→ What is needed
Omit all pictures, then repeat the listing exactly.
--- Collected material Enclosed Below ---
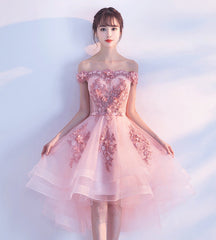 Stylish Pink Off the Shoulder Homecoming Dress, Lovely Pink Party Dress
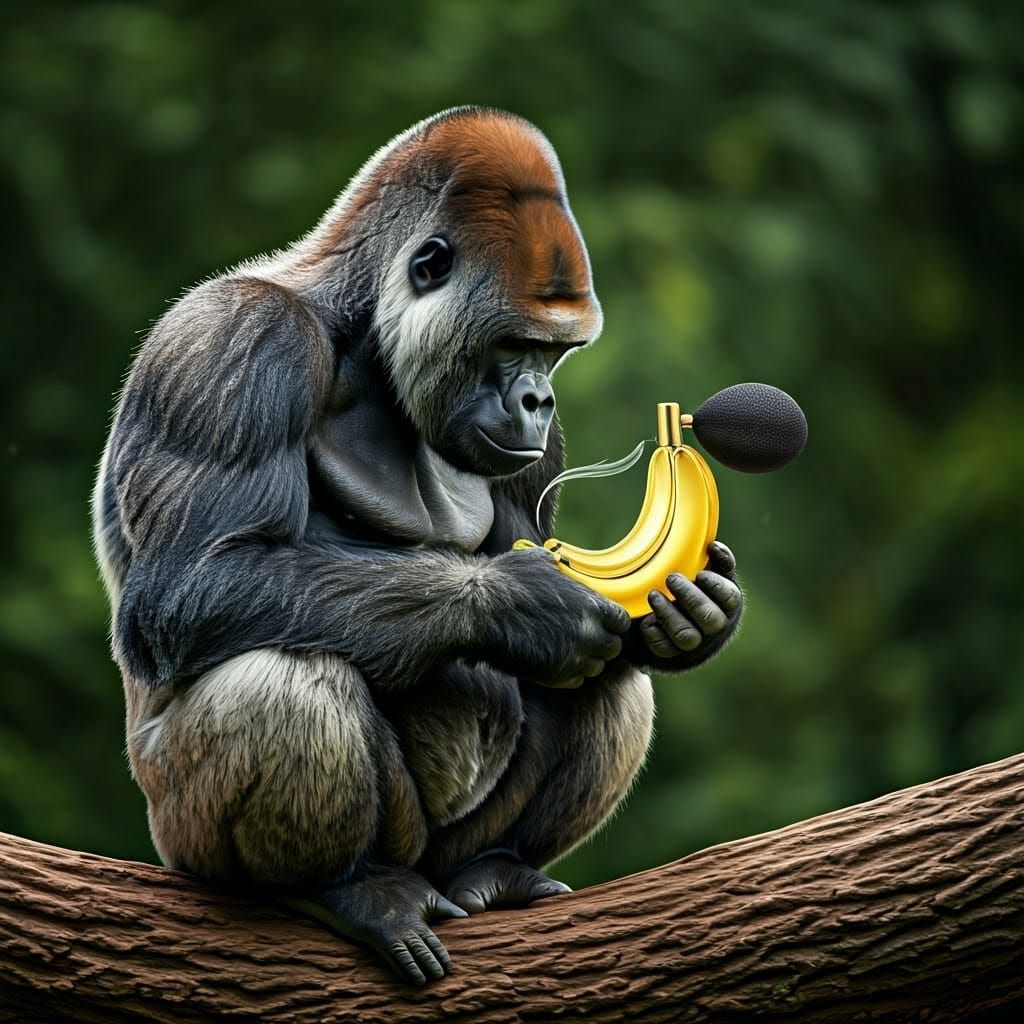 Gorilla's Surreal Encounter with Banana Perfume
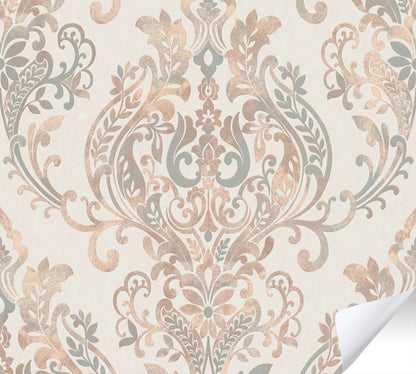 The Wallcover Ornamenttapete selbstklebend Beige Creme Weiß 8,40 m x 0,53 m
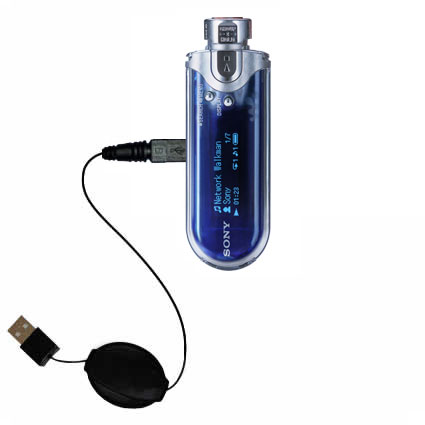 Retractable USB Power Port Ready charger cable designed for the Sony Walkman NW-E405 and uses TipExchange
--- End of Enclosed Collected material ---
→ Final answer
 Stylish Pink Off the Shoulder Homecoming Dress, Lovely Pink Party Dress
 Gorilla's Surreal Encounter with Banana Perfume
 The Wallcover Ornamenttapete selbstklebend Beige Creme Weiß 8,40 m x 0,53 m
 Retractable USB Power Port Ready charger cable designed for the Sony Walkman NW-E405 and uses TipExchange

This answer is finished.